Chapter 6 — PERMUTATIONS AND COMBINATIONS

Theory

This is a selection + arrangement problem.

Strategy:
• First select required letters
• Then arrange them

\[ \text{Total} = \text{Selection} \times \text{Arrangement} \]

Word: DAUGHTER
Vowels: A, U, E (3)
Consonants: D, G, H, T, R (5)

Solution Roadmap

Step 1: Choose 2 vowels from 3
Step 2: Choose 3 consonants from 5
Step 3: Arrange selected 5 letters
Step 4: Multiply

Solution

Choose 2 vowels from 3:

\[ ^3C_2 = 3 \]

Choose 3 consonants from 5:

\[ ^5C_3 = 10 \]

Total selections:

\[ 3 \times 10 = 30 \]

Arrange 5 selected letters:

\[ 5! = 120 \]

Total words:

\[ \begin{aligned} \text{Total} &= 30 \times 5! \ &= 30 \times 120 \ &= 3600 \end{aligned} \]

Final Answer

\(3600\)

Exam Significance

This is a very important hybrid problem.

• Combines combination + permutation
• Frequently asked in CBSE exams
• Core pattern for JEE word problems

Key takeaway: Select first, then arrange

Theory

This is a grouping (block) arrangement problem.

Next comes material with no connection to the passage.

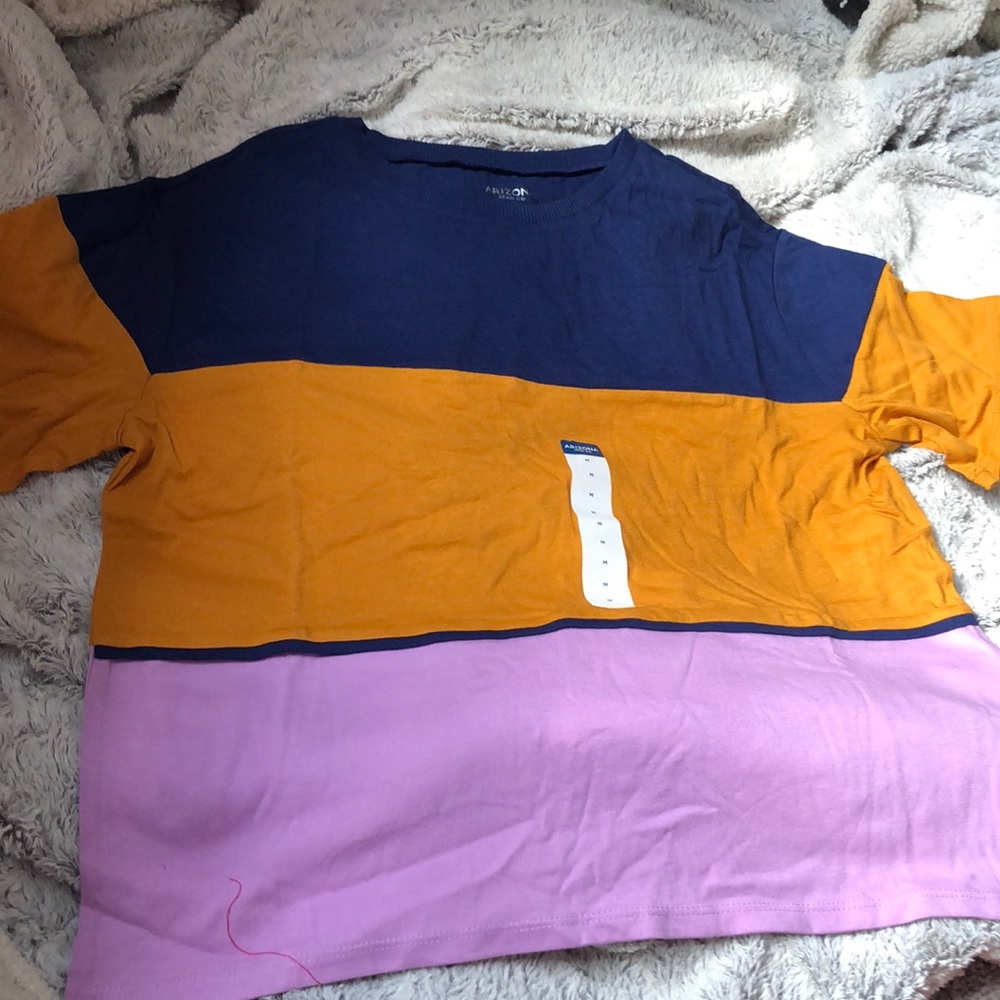 BRAND NEW T-SHIRT DESIGNED BY ARIZONA JEAN CO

When elements must stay together:
• Treat them as a single block
• Arrange blocks first
• Then arrange inside each block

\[ \text{Total} = \text{Block arrangement} \times \text{Internal arrangements} \]

Word: EQUATION
Vowels: A, E, I, O, U (5)
Consonants: Q, T, N (3)

Solution Roadmap

Step 1: Group vowels as one block
Step 2: Group consonants as one block
Step 3: Arrange the two blocks
Step 4: Arrange within each block
Step 5: Multiply

Solution

Treat vowels as one block and consonants as another block.

Arrange the two blocks:

\[ 2! \]

Arrange vowels within their block:

\[ 5! \]

Arrange consonants within their block:

\[ 3! \]

Total number of words:

\[ \begin{aligned} \text{Total} &= 2! \times 5! \times 3! \\ &= 2 \times 120 \times 6 \\ &= 1440 \end{aligned} \]

Final Answer

\(1440\)

Exam Significance

This is a classic grouping (block method) problem.

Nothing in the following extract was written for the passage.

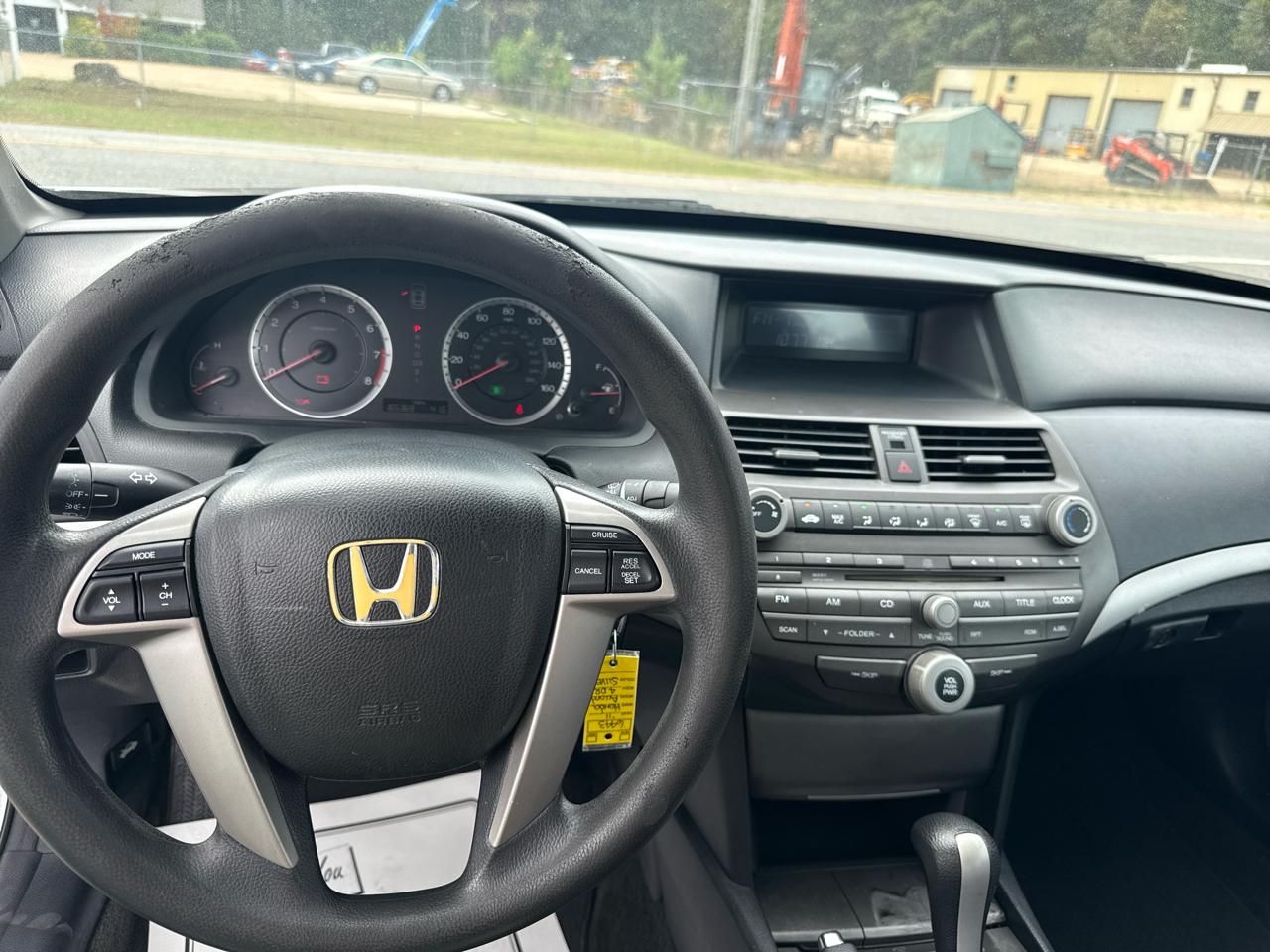 Honda Accord LX sedan AT 2011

• Very common in CBSE board exams
• Extremely important for JEE permutations
• Foundation for “together / apart” problems

Key takeaway: When items must stay together → treat as one block

Theory

This is a case-based selection problem.

Key interpretations:
• Exactly k → single case
• At least k → k, k+1, ...
• At most k → 0 to k

\[ \text{Total} = \sum (\text{valid cases}) \]

Total: 9 boys, 4 girls → committee size = 7

Solution Roadmap

Step 1: Break into cases
Step 2: Select girls
Step 3: Select remaining boys
Step 4: Add all valid cases

Solution

(i) Exactly 3 girls

\[ \begin{aligned} ^4C_3 \times ^9C_4 &= 4 \times 126 \\ &= 504 \end{aligned} \]

(ii) At least 3 girls

Cases: 3 girls or 4 girls

\[ \begin{aligned} &= ^4C_3 \cdot ^9C_4 + ^4C_4 \cdot ^9C_3 \\ &= 4 \times 126 + 1 \times 84 \\ &= 504 + 84 \\ &= 588 \end{aligned} \]

(iii) At most 3 girls

Cases: 0, 1, 2, 3 girls

\[ \begin{aligned} &= ^4C_0 \cdot ^9C_7 + ^4C_1 \cdot ^9C_6 + ^4C_2 \cdot ^9C_5 + ^4C_3 \cdot ^9C_4 \\ &= 36 + 336 + 756 + 504 \\ &= 1632 \end{aligned} \]

Final Answer

(i) \(504\)
(ii) \(588\)
(iii) \(1632\)

Exam Significance

This is a high-frequency case-based selection problem.

• Very common in CBSE board exams
• Critical for JEE combinatorics
• Tests interpretation of “at least / at most”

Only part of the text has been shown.